My Bad. LOL I Just hear olympus OM and think of my Old OM-1.

Carry On. ;D


----------



## AvTvM (Jun 1, 2012)

facedodge said:


> ^^^ Essentially, it's about the lens and if you want shots like that you need a lens at least 5 inches long.



with that much light the same shots can be made with a Nikon 1 and the tiny 30-110mm lens. 
He did not even get the ball or club-hits-ball once in a picture. ;-)


----------



## facedodge (Jun 1, 2012)

AvTvM said:


> facedodge said:
> 
> 
> > ^^^ Essentially, it's about the lens and if you want shots like that you need a lens at least 5 inches long.
> ...



300 f/4.5 is nearly three times as long and nearly twice as bright than the 110 f/5.6, although, that is a nifty little lens.


----------



## Rocky (Jun 1, 2012)

Camera is a tool . A tool should fit the owner and usage. There is no doubt that the OM D E-M4 is a good camera. Can it replace the existing DSLR??? I have to say NO. Just think of the following items: Price, shutter/Af delay, wide choice of lenses, View finder. DSLR will beat the OM D. As for picture quality, It is hard to say, based on the size we have seen in the web. Remember the oldsaying in the old filem days? " Post card size picture from a box camera under the sun will look as good as a picture from Rollie" Therefore I am not getting into it. Another thing is the percentage of "keeper" from sporting event. I am sure that everybody will agree that the DSLR is definitely higher.


----------



## Tcapp (Jun 1, 2012)

facedodge said:


> ^^^ Essentially, it's about the lens and if you want shots like that you need a lens at least 5 inches long.



Thats what she said?


----------



## Jman13 (Jun 1, 2012)

AvTvM said:


> with that much light the same shots can be made with a Nikon 1 and the tiny 30-110mm lens.
> He did not even get the ball or club-hits-ball once in a picture. ;-)

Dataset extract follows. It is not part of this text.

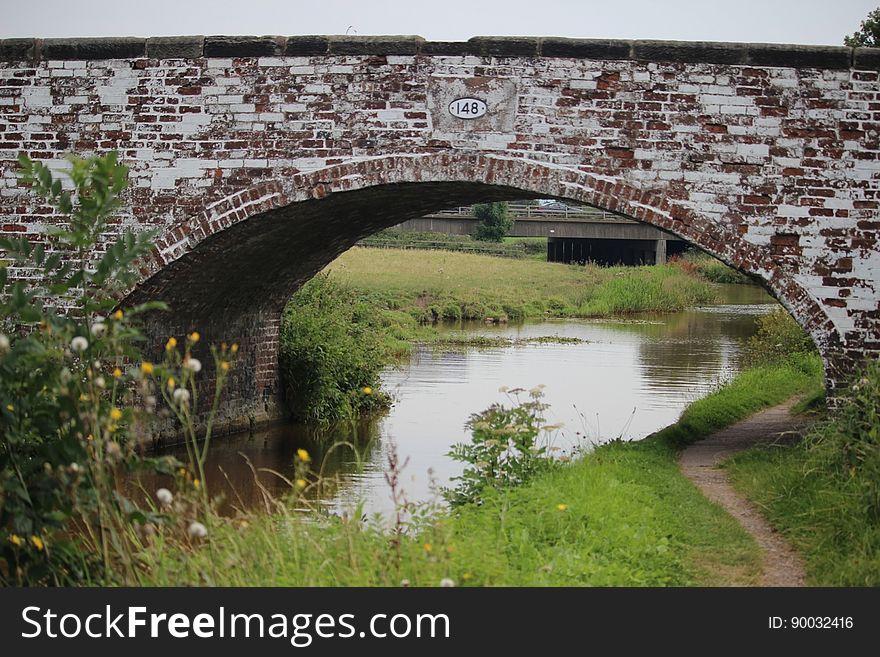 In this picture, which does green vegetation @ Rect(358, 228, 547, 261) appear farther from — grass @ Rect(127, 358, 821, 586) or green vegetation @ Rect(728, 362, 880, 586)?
grass @ Rect(127, 358, 821, 586)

The E-M5 is a lot better than the Nikon 1. If I wanted a slower lens with AF, I also could have used the Panasonic 100-300mm or Olympus 75-300mm, both of which are much smaller than the FD 50-300, but they're a stop or more slower and not as good optically.

Anyway, I'm the photographer linked to in the OP (and the 50-300L picture above is mine on my GX1). 

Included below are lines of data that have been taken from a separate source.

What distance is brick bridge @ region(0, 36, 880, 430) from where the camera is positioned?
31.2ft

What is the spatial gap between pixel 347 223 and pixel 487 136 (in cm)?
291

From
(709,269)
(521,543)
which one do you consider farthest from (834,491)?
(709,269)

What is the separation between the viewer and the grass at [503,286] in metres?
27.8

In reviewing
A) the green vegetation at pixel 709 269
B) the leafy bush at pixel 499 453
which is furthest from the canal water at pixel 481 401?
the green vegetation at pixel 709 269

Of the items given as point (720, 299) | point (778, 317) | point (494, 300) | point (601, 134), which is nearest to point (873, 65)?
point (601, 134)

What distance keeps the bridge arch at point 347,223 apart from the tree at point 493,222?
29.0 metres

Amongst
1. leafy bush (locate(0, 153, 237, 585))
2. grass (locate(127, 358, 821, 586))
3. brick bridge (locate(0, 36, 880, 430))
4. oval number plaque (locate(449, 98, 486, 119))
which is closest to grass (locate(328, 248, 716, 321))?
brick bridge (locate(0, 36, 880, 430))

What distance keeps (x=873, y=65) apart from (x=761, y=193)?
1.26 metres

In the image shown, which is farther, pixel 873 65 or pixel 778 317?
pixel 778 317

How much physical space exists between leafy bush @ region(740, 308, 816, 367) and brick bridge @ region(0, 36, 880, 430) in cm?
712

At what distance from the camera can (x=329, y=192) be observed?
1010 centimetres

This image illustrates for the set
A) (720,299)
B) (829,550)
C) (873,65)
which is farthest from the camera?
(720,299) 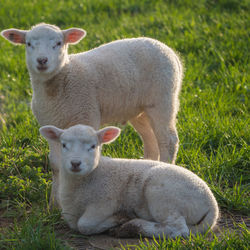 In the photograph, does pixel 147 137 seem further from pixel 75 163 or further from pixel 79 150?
pixel 75 163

I think you're being tongue in cheek with the second comment, but just in case...when you photograph golf, you do NOT click the shutter before ball impact. That's a very quick way to have angry golfers and get removed from the premises. I did get a few shots shortly after impact when I was rather far away and using the long end when I photographed the practice rounds, but I didn't do it during the Pro-Am because it's a competition round.

For instance:
















A few other points for anyone who is interested:

1) The 50-300L is a great lens! I was wary when I bought it, as many older manual focus zooms are pretty poor...this lens rocks. Also, it is rather large and heavy. However, since the FOV is the same as a 100-600mm lens on full frame, it's still smaller than a similar length lens on an APS-C or Full Frame DSLR. It is true that I wouldn't have noticed the extra size (especially since I shot the tournament with both the horizontal and vertical grips on my E-M5, which makes it just a little smaller than a DRebel with grips). Yeah, a 7D with a 100-400L would be similar in size and capability, but also a lot more expensive. But yeah, really long stuff isn't where m4/3 shines in the size department. (Aside from using shorter focal lengths for the same FOV).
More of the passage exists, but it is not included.